Manuscrito en griego de la Odisea de Homero
Manuscrito en griego de la Odisea de Homero.

-Aparte de las razones técnicas, ¿por qué buscan poner al alcance de todo el mundo libros que han estado guardados por más de 500 años, la mayoría previos a Gutenberg?

-Después de Gutenberg es sólo historia moderna. Antes de Gutenberg es nuestra cultura. Esa cultura no es sólo cristiana. La Biblioteca del Vaticano tiene manuscritos de todas partes del mundo. Y creemos que es necesario que la gente conozca la historia de la cultura. No hace falta para eso ser un paleógrafo. Por ejemplo, cualquiera puede comprender cuánto tiempo le dedicaba una persona a copiar los textos, a crear las miniaturas, a iluminar las páginas. En nuestra época todo va demasiado rápido. Queremos todo ya. No. "Ya" es tarde. Lo queremos incluso antes. [Risas] Pero al mirar un manuscrito de la Divina Comedia sabemos que le llevó 3 años crearlo y que hay algunos cuyas ilustraciones se le encargaron a Botticelli; tenemos uno de ésos. Ese es el mensaje de este proyecto, que la cultura es el único instrumento con que contamos para movernos sin límites por el mundo.

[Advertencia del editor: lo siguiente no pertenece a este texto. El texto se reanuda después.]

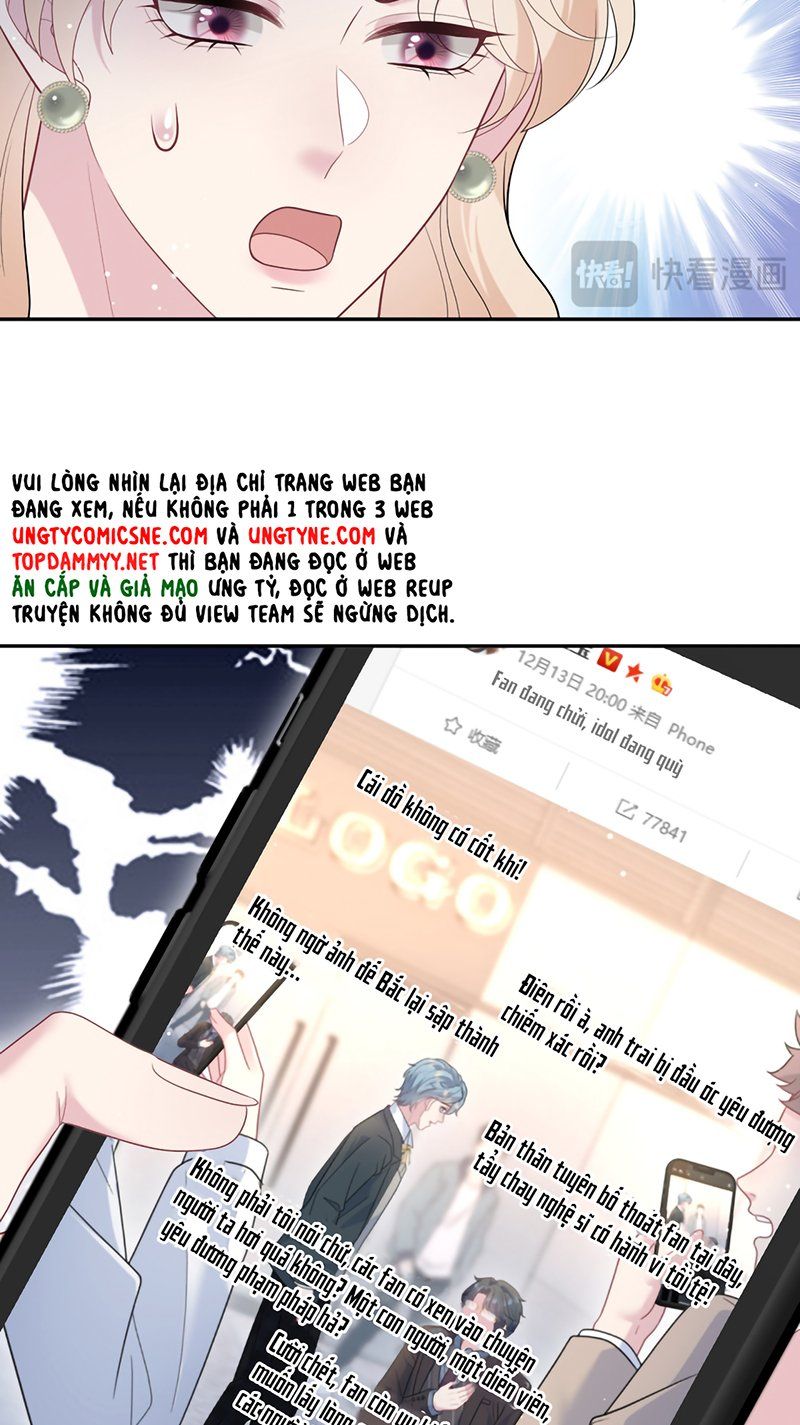 Tuyệt Mỹ Bạch Liên Online Dạy Học Chap 470 - Next Chap 471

-Hay una paradoja aquí. Todos nosotros vamos a poder disfrutar de estos manuscritos e incunables gracias, precisamente, a la tecnología.

-Sí, así es.

-¿Cuánto dinero se han invertido hasta ahora en el proyecto?

-De parte de nuestros sponsors, cerca de 5 millones de euros.

-Mucho dinero.

-Sí, pero la principal inversión es en recursos humanos, no en tecnología.

-¿Por qué?

-Porque hay un enorme riesgo involucrado en este proyecto. Todo el mundo habla de datos masivos (big data, en la jerga), ¿pero si yo le preguntara cuál formato de imagen usaría usted para guardar todos sus libros, qué me diría? Dejemos de lado los metadatos. Suponga que va a guardar nada más que las imágenes, ¿qué formato elegiría? ¿TIFF? ¿JPG? ¿JPEG2000? TIFF es de Adobe. JPEG2000 también es propietario. JPG pierde información cuando se opera con las imágenes.

-¿PNG?

-Sí, podría ser una solución. Es de código fuente abierto. Nosotros elegimos FITS [siglas de Flexible Image Transport System]. Proviene de la comunidad astronómica y astrofísica, es código fuente abierto, existe desde hace 52 años, su primera versión estándar salió en 1979 y se actualiza cada seis meses por una comunidad cuyos miembros están en muchos lugares del mundo (incluida la Argentina). Decidimos usar este formato porque el abordaje de la astronomía es muy parecido al nuestro.

-Tiene sentido.

-Sólo en Europa, cada día, los astrofísicos producen 25 terabytes de imágenes [Nota: el equivalente a 25 discos duros o el almacenamiento de 800 smartphones]. El principal problema es buscar dentro esa información.

-Iba a preguntarle eso.

-Imagine esto como compuesto por dos capas, dos flujos de datos. Uno es el formato FITS, que se usa para conservar los datos y los metadatos; el otro es producto de un motor que convierte FITS a JPG, PDF o lo que haga falta para divulgar las imágenes.

-El desafío es enorme. Ustedes están apostando a que FITS seguirá siendo la mejor opción en un ambiente que cambia todo el tiempo.

Carta del primer embajador japonés en Venecia, fechada en 1585
Carta del primer embajador japonés en Venecia, fechada en 1585.

-No existe ninguna otra experiencia tan extendida en el tiempo. Sólo Unix es así de antiguo. Si usted tipea un comando en el shell de Linux hoy le responderá igual que lo hacía Unix originalmente. Además, FITS guarda la información en formato texto, es posible leerla sin ningún software que la interprete.

-¿Cuánto tiempo les llevó decidir que FITS era adecuado para el trabajo?

-Nada. Medio segundo. [Risas]

-De esos 10.700 manuscritos que hoy se pueden ver en el sitio de la Librería del Vaticano, ¿cuáles son los más antiguos?

-Posiblemente alguna colección japonesa, previa a la cristiandad. Porque, por ejemplo, tenemos los originales del Evangelio según San Lucas, que son del primer siglo después de Cristo. Pues bien, estos manuscritos japoneses son de 1000 años antes de Cristo.

-¿Y cuál es su favorito?

-La Divina Comedia, por supuesto. Cuando era chico, unos 10 años, mi madre me leía páginas de la Divina Comedia. Era algo muy fuerte, imágenes muy fuertes, y en cierto modo lo encontraba irritante. Pero mi madre insistía en que yo tenía que comprender que la humanidad podía ser algo terrible.